October 2018 has seen a bounce-back in air traffic growth across Europe
Air traffic numbers in Europe during October bounce-back despite the uncertainty and instability that the continent is currently experiencing.
European airport trade association ACI EUROPE has released its traffic report for October 2018, during which average passenger traffic in geographical Europe grew by +6.5 per cent compared with the same month last year – a notable increase on the previous month (+5 per cent).
At EU airports, passenger volumes grew by +6.3 per cent in October (+4.9 per cent in September). Austria and Luxembourg recorded stellar passenger growth, driven by cow-cost-carrier expansion at Vienna (+18.2 per cent) and Luxembourg (+12.1 per cent).
While airports in several countries in the Eastern part of the bloc kept registering double-digit growth, the larger and core air transport markets of Germany, France, Italy and Spain also outperformed the bloc’s average – along with Ireland, Portugal and Finland.
This in part reflected the impact ATM disruptions (albeit less so, than previous months). Sweden was the only European country posting a decrease in passenger traffic (- 1.1 per cent), a result of the new aviation tax and depreciation of the local currency. Passenger traffic in Belgium barely grew (+0.9 per cent) due to ground handling strikes severely affecting Brussels (-2.4 per cent).

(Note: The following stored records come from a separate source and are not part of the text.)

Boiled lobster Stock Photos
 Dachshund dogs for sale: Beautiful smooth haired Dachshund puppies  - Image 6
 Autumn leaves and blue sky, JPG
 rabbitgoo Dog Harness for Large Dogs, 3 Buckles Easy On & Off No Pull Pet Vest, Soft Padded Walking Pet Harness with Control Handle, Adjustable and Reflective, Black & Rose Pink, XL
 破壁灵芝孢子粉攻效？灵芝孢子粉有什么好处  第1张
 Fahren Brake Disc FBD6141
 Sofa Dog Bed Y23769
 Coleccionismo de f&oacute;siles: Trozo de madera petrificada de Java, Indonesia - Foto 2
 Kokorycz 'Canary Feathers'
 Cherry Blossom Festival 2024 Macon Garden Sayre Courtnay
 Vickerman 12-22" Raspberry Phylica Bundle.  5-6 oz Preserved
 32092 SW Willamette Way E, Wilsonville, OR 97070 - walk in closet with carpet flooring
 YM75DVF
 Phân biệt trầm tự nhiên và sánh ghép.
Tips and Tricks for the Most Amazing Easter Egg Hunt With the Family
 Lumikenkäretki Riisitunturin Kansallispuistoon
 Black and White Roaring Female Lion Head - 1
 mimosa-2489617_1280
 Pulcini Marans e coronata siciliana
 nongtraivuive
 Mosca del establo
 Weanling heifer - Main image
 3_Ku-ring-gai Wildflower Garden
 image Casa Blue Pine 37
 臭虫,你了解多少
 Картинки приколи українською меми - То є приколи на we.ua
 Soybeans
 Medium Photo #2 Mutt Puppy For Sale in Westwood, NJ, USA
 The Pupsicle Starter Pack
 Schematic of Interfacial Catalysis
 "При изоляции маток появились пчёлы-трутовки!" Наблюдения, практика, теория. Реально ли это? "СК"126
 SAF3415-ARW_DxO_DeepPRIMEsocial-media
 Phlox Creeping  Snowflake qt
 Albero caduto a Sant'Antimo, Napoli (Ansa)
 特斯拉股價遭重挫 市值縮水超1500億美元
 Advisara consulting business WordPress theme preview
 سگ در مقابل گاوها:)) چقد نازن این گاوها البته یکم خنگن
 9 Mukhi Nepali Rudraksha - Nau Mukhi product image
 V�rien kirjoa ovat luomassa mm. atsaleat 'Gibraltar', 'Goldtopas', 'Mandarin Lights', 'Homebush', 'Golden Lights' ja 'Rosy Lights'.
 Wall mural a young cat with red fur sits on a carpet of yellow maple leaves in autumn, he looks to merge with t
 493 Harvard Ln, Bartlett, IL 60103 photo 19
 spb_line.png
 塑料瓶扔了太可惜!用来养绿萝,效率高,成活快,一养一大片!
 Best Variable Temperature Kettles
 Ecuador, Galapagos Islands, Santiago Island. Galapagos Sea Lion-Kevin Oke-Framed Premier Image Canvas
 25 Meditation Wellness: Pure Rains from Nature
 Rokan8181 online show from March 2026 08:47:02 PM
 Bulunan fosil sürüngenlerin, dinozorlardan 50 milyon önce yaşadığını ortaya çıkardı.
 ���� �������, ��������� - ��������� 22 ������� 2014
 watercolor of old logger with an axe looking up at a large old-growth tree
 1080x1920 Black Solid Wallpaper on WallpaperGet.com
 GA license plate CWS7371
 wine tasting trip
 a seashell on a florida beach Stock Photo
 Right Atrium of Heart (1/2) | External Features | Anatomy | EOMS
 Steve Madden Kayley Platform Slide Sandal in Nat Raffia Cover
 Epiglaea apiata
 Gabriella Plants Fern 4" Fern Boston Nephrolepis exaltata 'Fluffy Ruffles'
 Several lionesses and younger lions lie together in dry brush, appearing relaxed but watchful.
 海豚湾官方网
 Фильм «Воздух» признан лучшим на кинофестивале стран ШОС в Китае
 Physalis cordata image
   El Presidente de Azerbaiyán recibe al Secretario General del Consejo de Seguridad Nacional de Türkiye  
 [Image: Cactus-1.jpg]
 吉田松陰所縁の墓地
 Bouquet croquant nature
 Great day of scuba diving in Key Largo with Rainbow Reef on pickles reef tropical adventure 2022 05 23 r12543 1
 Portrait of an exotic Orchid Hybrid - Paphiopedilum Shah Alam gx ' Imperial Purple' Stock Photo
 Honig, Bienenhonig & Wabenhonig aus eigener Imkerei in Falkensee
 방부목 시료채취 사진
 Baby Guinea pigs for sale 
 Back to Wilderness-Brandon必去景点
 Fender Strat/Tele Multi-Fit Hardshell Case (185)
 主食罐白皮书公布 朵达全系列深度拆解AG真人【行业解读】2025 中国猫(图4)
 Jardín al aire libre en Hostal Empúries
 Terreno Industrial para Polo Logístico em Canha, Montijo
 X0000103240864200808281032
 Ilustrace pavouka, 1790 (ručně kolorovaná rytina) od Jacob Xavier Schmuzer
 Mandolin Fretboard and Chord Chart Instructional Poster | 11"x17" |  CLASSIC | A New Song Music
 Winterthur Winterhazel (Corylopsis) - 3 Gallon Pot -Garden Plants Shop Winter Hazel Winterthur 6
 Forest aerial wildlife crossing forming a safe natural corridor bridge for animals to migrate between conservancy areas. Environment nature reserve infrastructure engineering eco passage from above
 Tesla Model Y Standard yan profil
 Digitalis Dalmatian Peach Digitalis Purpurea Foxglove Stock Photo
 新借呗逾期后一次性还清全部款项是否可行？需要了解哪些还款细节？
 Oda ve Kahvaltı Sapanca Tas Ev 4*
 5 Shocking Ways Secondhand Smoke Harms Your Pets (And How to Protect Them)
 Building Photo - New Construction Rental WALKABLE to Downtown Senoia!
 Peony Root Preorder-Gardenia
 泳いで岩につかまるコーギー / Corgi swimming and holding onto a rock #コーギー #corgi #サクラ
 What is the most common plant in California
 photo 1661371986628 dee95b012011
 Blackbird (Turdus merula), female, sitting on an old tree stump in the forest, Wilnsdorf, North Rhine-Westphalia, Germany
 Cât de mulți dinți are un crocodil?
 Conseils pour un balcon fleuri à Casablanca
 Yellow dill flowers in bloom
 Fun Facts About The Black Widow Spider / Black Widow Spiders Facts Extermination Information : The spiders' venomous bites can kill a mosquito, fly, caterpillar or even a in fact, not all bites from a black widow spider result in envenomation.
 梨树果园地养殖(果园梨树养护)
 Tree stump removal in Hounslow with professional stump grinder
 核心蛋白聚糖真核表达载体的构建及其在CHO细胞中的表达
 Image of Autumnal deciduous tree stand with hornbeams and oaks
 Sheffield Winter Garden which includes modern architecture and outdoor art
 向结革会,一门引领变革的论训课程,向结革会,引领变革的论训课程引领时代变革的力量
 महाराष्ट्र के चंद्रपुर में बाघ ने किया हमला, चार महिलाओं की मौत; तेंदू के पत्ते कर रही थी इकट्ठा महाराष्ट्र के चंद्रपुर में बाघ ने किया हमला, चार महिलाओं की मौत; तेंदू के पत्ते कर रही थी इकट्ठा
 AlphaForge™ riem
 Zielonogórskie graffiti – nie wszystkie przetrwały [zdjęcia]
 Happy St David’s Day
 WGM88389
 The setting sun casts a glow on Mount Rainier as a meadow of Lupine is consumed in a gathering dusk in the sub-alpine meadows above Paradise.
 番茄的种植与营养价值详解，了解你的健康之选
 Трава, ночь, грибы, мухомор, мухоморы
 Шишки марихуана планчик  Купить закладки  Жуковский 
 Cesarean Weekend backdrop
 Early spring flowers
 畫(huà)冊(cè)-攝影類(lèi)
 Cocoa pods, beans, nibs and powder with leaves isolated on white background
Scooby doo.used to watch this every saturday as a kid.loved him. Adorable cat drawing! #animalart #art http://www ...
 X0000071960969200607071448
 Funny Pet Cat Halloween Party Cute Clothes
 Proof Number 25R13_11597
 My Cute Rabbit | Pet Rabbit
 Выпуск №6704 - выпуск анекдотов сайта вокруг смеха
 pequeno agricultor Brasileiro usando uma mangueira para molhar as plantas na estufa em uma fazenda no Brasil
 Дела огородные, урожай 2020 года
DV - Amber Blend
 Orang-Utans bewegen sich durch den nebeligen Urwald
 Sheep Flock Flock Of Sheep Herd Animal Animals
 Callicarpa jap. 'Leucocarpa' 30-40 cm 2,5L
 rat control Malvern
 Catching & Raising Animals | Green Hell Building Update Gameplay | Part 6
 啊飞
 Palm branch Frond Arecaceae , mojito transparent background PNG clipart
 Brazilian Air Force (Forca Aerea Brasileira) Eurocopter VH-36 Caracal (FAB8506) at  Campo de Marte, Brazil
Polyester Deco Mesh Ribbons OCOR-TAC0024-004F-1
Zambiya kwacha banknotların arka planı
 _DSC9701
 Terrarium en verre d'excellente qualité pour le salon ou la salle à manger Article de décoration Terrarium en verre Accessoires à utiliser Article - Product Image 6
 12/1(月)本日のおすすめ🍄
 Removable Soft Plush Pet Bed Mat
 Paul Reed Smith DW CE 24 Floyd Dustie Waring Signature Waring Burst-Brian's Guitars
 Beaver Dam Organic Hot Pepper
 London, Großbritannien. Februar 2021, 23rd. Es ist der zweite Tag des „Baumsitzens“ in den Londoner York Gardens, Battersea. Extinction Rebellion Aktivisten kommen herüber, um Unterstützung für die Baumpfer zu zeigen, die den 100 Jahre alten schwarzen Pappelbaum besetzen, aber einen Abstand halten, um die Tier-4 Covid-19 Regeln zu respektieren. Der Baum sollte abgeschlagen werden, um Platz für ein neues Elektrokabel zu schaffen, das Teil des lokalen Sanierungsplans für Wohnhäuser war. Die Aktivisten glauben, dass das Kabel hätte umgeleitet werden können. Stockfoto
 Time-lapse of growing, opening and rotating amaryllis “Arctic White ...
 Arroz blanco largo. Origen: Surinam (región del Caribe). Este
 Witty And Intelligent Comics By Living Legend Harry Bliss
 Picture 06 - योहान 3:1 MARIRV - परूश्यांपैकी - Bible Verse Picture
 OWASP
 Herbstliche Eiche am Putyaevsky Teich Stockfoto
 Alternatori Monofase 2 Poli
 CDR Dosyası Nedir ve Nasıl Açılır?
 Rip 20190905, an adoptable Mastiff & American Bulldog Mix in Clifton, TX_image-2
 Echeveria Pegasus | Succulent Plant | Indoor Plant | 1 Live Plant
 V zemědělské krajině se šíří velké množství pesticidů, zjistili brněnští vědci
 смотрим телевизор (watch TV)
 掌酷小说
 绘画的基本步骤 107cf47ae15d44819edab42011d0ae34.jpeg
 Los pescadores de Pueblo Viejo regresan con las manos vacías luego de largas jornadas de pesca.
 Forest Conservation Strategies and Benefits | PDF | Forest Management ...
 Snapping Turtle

Meanwhile, the UK, the Netherlands, Denmark and Cyprus significantly under-performed the EU average – with a mix of aviation taxes, currency variations, airport capacity limitations and the bankruptcy of Cobalt Air playing their part.
Non-EU airports saw passenger traffic expanding by +7.2 per cent, although weakness in domestic traffic at Turkish airports limited gains. Ukraine, Georgia, Belarus and Iceland came on top, with particularly impressive growth at Kiev (+24.6 per cent), Tbilisi (+17.9 per cent), Minsk (+16.5 per cent) and Keflavik (+16.3 per cent).
While the passenger traffic dynamic held on in Russia, it became subdued in Israel and continued to be weak in Norway. Passenger traffic at the Majors (top 5 European airports) under-performed the European average at +4.3 per cent. Paris-CDG (+5.7 per cent) came top of the league, with Frankfurt (+5.2 per cent). London Heathrow still achieved notable growth given its lack of capacity, followed by Istanbul-Atatürk (+3.5 per cent) and Amsterdam-Schiphol (+2.5 per cent).
These robust passenger growth figures also reflected significant airline capacity expansion, with October delivering the highest monthly increase in aircraft movements so far this year +4.5 per cent. Freight traffic remained moderate at +1.9 per cent, with more gains at non-EU airports (+4.1 per cent) than at EU ones (+1.5 per cent).
During the month of October, airports welcoming more than 25 million passengers per year (Group 1), airports welcoming between 10 and 25 million passengers (Group 2), airports welcoming between five and 10 million passengers (Group 3) and airports welcoming less than five million passengers per year (Group 4) reported an average adjustment +6.0 per cent, +7.4 per cent, +6.2 per cent and +6.7 per cent.